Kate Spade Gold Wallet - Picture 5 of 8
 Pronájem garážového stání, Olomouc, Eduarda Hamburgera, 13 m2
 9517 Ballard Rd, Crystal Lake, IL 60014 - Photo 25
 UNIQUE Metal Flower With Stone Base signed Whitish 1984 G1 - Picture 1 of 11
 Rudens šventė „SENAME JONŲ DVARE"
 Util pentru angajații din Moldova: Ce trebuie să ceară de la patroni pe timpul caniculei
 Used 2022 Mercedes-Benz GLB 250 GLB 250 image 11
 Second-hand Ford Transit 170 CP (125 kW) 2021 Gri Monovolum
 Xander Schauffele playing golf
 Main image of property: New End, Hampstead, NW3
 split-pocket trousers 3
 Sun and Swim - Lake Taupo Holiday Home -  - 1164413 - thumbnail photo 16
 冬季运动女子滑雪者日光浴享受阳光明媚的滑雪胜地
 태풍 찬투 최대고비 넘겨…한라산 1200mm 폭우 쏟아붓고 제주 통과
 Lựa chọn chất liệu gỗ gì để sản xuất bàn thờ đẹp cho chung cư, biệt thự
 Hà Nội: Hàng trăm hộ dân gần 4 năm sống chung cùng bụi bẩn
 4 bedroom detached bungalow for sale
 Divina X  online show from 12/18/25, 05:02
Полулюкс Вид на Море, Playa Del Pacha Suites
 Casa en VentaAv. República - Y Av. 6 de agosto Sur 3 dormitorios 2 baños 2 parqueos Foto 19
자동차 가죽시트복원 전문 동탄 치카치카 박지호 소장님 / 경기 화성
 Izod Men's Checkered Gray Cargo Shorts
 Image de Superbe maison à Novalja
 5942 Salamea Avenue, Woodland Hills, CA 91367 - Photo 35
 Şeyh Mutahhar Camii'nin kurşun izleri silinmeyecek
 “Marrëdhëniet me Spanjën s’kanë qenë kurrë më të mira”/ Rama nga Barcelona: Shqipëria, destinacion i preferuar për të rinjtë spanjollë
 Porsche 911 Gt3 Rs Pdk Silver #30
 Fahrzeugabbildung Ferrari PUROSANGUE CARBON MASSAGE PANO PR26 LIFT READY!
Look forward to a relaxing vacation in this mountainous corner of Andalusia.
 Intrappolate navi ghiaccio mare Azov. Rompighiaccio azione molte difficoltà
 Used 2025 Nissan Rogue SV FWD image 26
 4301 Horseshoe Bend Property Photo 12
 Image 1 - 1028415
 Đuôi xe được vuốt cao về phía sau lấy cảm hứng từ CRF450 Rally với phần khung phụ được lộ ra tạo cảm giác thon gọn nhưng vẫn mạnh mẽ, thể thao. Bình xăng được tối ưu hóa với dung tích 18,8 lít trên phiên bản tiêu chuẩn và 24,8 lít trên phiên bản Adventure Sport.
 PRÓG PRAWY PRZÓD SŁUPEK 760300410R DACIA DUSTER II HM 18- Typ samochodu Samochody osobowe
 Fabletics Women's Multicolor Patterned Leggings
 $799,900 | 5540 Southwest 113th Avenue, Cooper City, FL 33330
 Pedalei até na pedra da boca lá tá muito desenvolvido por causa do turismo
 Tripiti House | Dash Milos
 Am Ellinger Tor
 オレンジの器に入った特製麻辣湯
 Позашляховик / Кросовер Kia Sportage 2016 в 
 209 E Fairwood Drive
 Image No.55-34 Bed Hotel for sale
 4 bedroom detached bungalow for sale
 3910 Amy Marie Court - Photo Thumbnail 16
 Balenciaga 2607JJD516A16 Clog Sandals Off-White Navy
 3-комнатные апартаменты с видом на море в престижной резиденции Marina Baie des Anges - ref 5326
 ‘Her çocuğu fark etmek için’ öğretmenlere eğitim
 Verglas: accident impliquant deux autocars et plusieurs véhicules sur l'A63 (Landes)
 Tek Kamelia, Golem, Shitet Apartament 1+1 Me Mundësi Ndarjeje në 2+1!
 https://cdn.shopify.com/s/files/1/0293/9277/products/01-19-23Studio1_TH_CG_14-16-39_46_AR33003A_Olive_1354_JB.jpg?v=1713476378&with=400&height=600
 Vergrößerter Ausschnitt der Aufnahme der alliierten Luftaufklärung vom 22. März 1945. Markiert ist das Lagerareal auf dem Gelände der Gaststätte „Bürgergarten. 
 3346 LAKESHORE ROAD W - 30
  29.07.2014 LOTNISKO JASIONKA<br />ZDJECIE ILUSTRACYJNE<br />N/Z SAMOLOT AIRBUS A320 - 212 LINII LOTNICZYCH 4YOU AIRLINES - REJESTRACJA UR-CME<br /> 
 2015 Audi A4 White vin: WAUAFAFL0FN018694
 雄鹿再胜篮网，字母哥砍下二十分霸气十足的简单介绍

- - - -

What the task asks: The answer should be an exact copy of the data.

Response box:
Kate Spade Gold Wallet - Picture 5 of 8
 Pronájem garážového stání, Olomouc, Eduarda Hamburgera, 13 m2
 9517 Ballard Rd, Crystal Lake, IL 60014 - Photo 25
 UNIQUE Metal Flower With Stone Base signed Whitish 1984 G1 - Picture 1 of 11
 Rudens šventė „SENAME JONŲ DVARE"
 Util pentru angajații din Moldova: Ce trebuie să ceară de la patroni pe timpul caniculei
 Used 2022 Mercedes-Benz GLB 250 GLB 250 image 11
 Second-hand Ford Transit 170 CP (125 kW) 2021 Gri Monovolum
 Xander Schauffele playing golf
 Main image of property: New End, Hampstead, NW3
 split-pocket trousers 3
 Sun and Swim - Lake Taupo Holiday Home -  - 1164413 - thumbnail photo 16
 冬季运动女子滑雪者日光浴享受阳光明媚的滑雪胜地
 태풍 찬투 최대고비 넘겨…한라산 1200mm 폭우 쏟아붓고 제주 통과
 Lựa chọn chất liệu gỗ gì để sản xuất bàn thờ đẹp cho chung cư, biệt thự
 Hà Nội: Hàng trăm hộ dân gần 4 năm sống chung cùng bụi bẩn
 4 bedroom detached bungalow for sale
 Divina X  online show from 12/18/25, 05:02
Полулюкс Вид на Море, Playa Del Pacha Suites
 Casa en VentaAv. República - Y Av. 6 de agosto Sur 3 dormitorios 2 baños 2 parqueos Foto 19
자동차 가죽시트복원 전문 동탄 치카치카 박지호 소장님 / 경기 화성
 Izod Men's Checkered Gray Cargo Shorts
 Image de Superbe maison à Novalja
 5942 Salamea Avenue, Woodland Hills, CA 91367 - Photo 35
 Şeyh Mutahhar Camii'nin kurşun izleri silinmeyecek
 “Marrëdhëniet me Spanjën s’kanë qenë kurrë më të mira”/ Rama nga Barcelona: Shqipëria, destinacion i preferuar për të rinjtë spanjollë
 Porsche 911 Gt3 Rs Pdk Silver #30
 Fahrzeugabbildung Ferrari PUROSANGUE CARBON MASSAGE PANO PR26 LIFT READY!
Look forward to a relaxing vacation in this mountainous corner of Andalusia.
 Intrappolate navi ghiaccio mare Azov. Rompighiaccio azione molte difficoltà
 Used 2025 Nissan Rogue SV FWD image 26
 4301 Horseshoe Bend Property Photo 12
 Image 1 - 1028415
 Đuôi xe được vuốt cao về phía sau lấy cảm hứng từ CRF450 Rally với phần khung phụ được lộ ra tạo cảm giác thon gọn nhưng vẫn mạnh mẽ, thể thao. Bình xăng được tối ưu hóa với dung tích 18,8 lít trên phiên bản tiêu chuẩn và 24,8 lít trên phiên bản Adventure Sport.
 PRÓG PRAWY PRZÓD SŁUPEK 760300410R DACIA DUSTER II HM 18- Typ samochodu Samochody osobowe
 Fabletics Women's Multicolor Patterned Leggings
 $799,900 | 5540 Southwest 113th Avenue, Cooper City, FL 33330
 Pedalei até na pedra da boca lá tá muito desenvolvido por causa do turismo
 Tripiti House | Dash Milos
 Am Ellinger Tor
 オレンジの器に入った特製麻辣湯
 Позашляховик / Кросовер Kia Sportage 2016 в 
 209 E Fairwood Drive
 Image No.55-34 Bed Hotel for sale
 4 bedroom detached bungalow for sale
 3910 Amy Marie Court - Photo Thumbnail 16
 Balenciaga 2607JJD516A16 Clog Sandals Off-White Navy
 3-комнатные апартаменты с видом на море в престижной резиденции Marina Baie des Anges - ref 5326
 ‘Her çocuğu fark etmek için’ öğretmenlere eğitim
 Verglas: accident impliquant deux autocars et plusieurs véhicules sur l'A63 (Landes)
 Tek Kamelia, Golem, Shitet Apartament 1+1 Me Mundësi Ndarjeje në 2+1!
 https://cdn.shopify.com/s/files/1/0293/9277/products/01-19-23Studio1_TH_CG_14-16-39_46_AR33003A_Olive_1354_JB.jpg?v=1713476378&with=400&height=600
 Vergrößerter Ausschnitt der Aufnahme der alliierten Luftaufklärung vom 22. März 1945. Markiert ist das Lagerareal auf dem Gelände der Gaststätte „Bürgergarten. 
 3346 LAKESHORE ROAD W - 30
  29.07.2014 LOTNISKO JASIONKA<br />ZDJECIE ILUSTRACYJNE<br />N/Z SAMOLOT AIRBUS A320 - 212 LINII LOTNICZYCH 4YOU AIRLINES - REJESTRACJA UR-CME<br /> 
 2015 Audi A4 White vin: WAUAFAFL0FN018694
 雄鹿再胜篮网，字母哥砍下二十分霸气十足的简单介绍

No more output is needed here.